- [Work order] The listing that follows must be retyped in full, exactly.

- [The data]
==================================================

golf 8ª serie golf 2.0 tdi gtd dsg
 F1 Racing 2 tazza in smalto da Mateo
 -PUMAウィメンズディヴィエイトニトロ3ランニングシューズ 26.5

==================================================

- [Exercise answer]
golf 8ª serie golf 2.0 tdi gtd dsg
 F1 Racing 2 tazza in smalto da Mateo
 -PUMAウィメンズディヴィエイトニトロ3ランニングシューズ 26.5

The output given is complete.